Migration from Web

Migrate an existing @assistant-ui/react app to React Native.

If you already have an assistant-ui web app, most of your code transfers directly. The runtime core is shared between @assistant-ui/react and @assistant-ui/react-native via @assistant-ui/core — only the UI layer changes.

What stays the same

  • Runtime setupuseChatRuntime, useLocalRuntime, ChatModelAdapter, and all runtime options work identically.
  • AI SDK integration@assistant-ui/react-ai-sdk works with React Native. Your useChatRuntime + AssistantChatTransport setup transfers directly.
  • Tool definitionsuseAssistantTool, makeAssistantTool, and tool UI renderers use the same API.
  • State hooksuseAuiState, useAui, and selector patterns are the same.
  • Backend code — Your API routes, streaming endpoints, and server-side logic need zero changes.

What changes

Web (@assistant-ui/react)React Native (@assistant-ui/react-native)
AssistantRuntimeProviderAssistantRuntimeProvider (same name)
DOM primitives (div, button, input)Native primitives (View, Pressable, TextInput)
CSS / Tailwind stylingReact Native StyleSheet or inline styles
@assistant-ui/ui (shadcn components)Build your own native UI with primitives

Step-by-step

Install the React Native package

npx expo install @assistant-ui/react-native

Keep your runtime hook

Your useChatRuntime setup works as-is — no changes needed:

hooks/use-app-runtime.ts
// This file is identical to your web version
import { useChatRuntime, AssistantChatTransport } from "@assistant-ui/react-ai-sdk";

export function useAppRuntime() {
  return useChatRuntime({
    transport: new AssistantChatTransport({
      api: "/api/chat",
    }),
  });
}

If you use a monorepo, you can share this file between web and native projects directly.

Replace the provider

// Before (web)
// import { AssistantRuntimeProvider } from "@assistant-ui/react";

// After (React Native) — same component name, different package
import { AssistantRuntimeProvider } from "@assistant-ui/react-native";

export default function App() {
  const runtime = useAppRuntime();
  return (
    <AssistantRuntimeProvider runtime={runtime}>
      {/* your native UI */}
    </AssistantRuntimeProvider>
  );
}

Rebuild the UI layer

This is the main migration effort.
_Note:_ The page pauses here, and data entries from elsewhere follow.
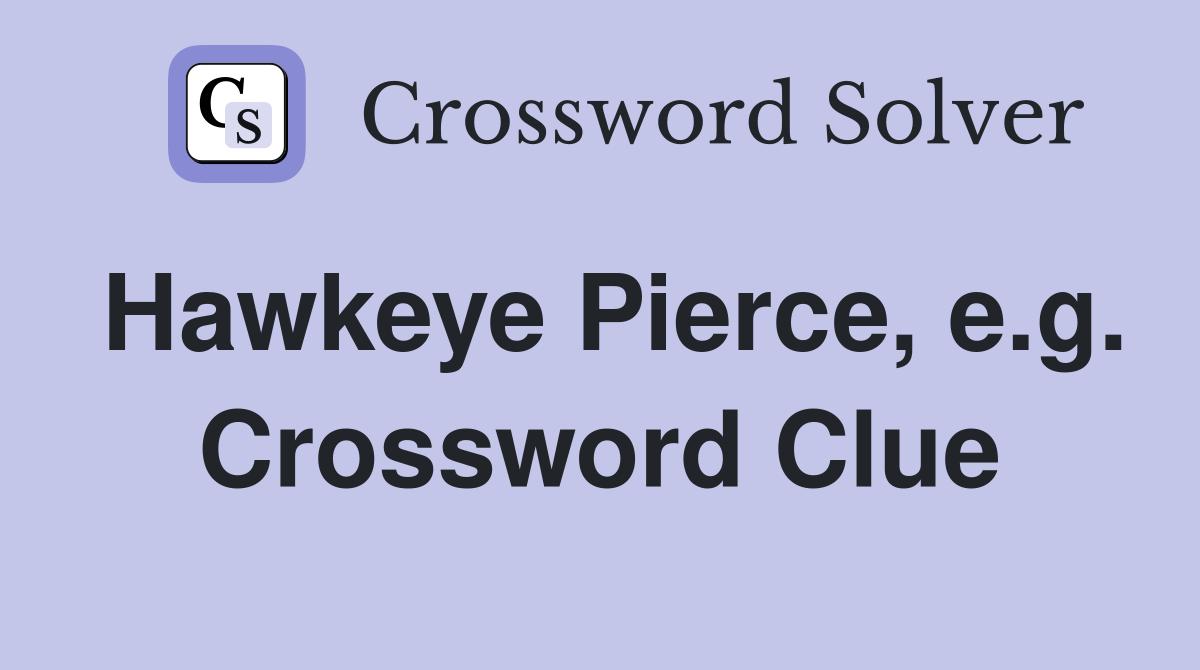 Hawkeye Pierce, e.g. Crossword Clue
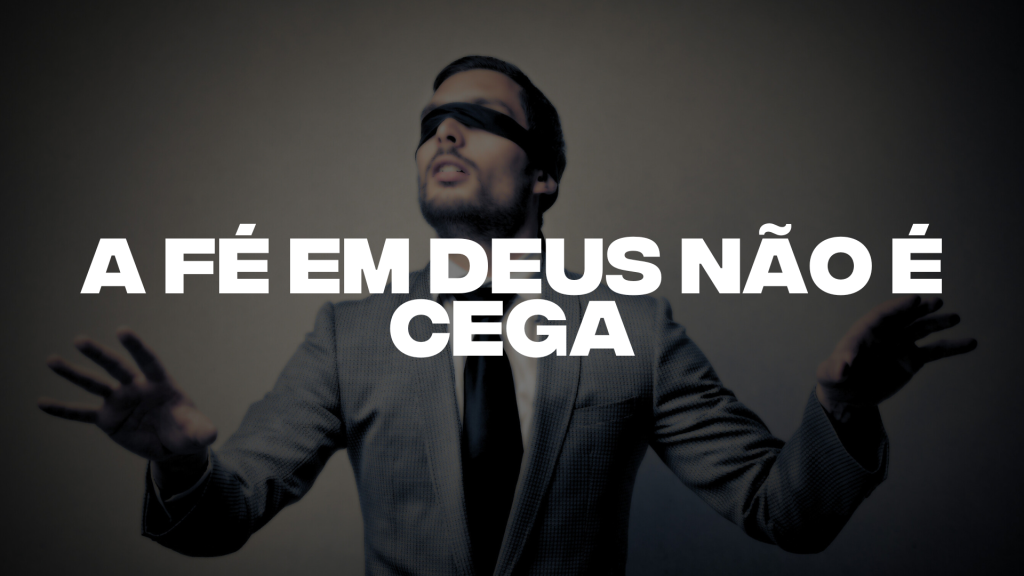 A FÉ EM DEUS NÃO É CEGA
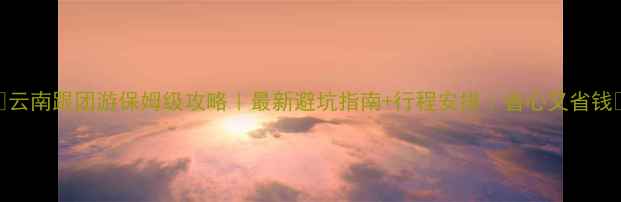 图片 🌟云南跟团游保姆级攻略｜最新避坑指南+行程安排｜省心又省钱✨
Web components (Thread, ThreadList from @assistant-ui/ui) don't render in React Native. Replace them with native primitives:

// Web — DOM-based
// import { Thread } from "@/components/assistant-ui/thread";

// React Native — use primitives or build custom
import {
  ThreadPrimitive,
  ComposerPrimitive,
} from "@assistant-ui/react-native";
import { View, Text } from "react-native";

function ChatScreen() {
  return (
    <ThreadPrimitive.Root style={{ flex: 1 }}>
      <ThreadPrimitive.Messages
        renderMessage={({ message }) => (
          <View style={{ padding: 12 }}>
            <Text>{message.content.filter((p) => p.type === "text").map((p) => p.text).join("\n")}</Text>
          </View>
        )}
      />
      <ComposerPrimitive.Root>
        <ComposerPrimitive.Input placeholder="Message..." />
        <ComposerPrimitive.Send />
      </ComposerPrimitive.Root>
    </ThreadPrimitive.Root>
  );
}

See the Primitives reference for the full list of available components.

Monorepo code sharing

In a monorepo, you can share everything except the UI layer:

packages/
  shared/
    hooks/          ← useAppRuntime with useChatRuntime (shared)
    tools/          ← tool definitions (shared)
  web/
    components/     ← DOM-based UI
  native/
    components/     ← React Native UI

The runtime hook, tool definitions, and backend code are platform-agnostic. Only the UI components need separate implementations for web and native.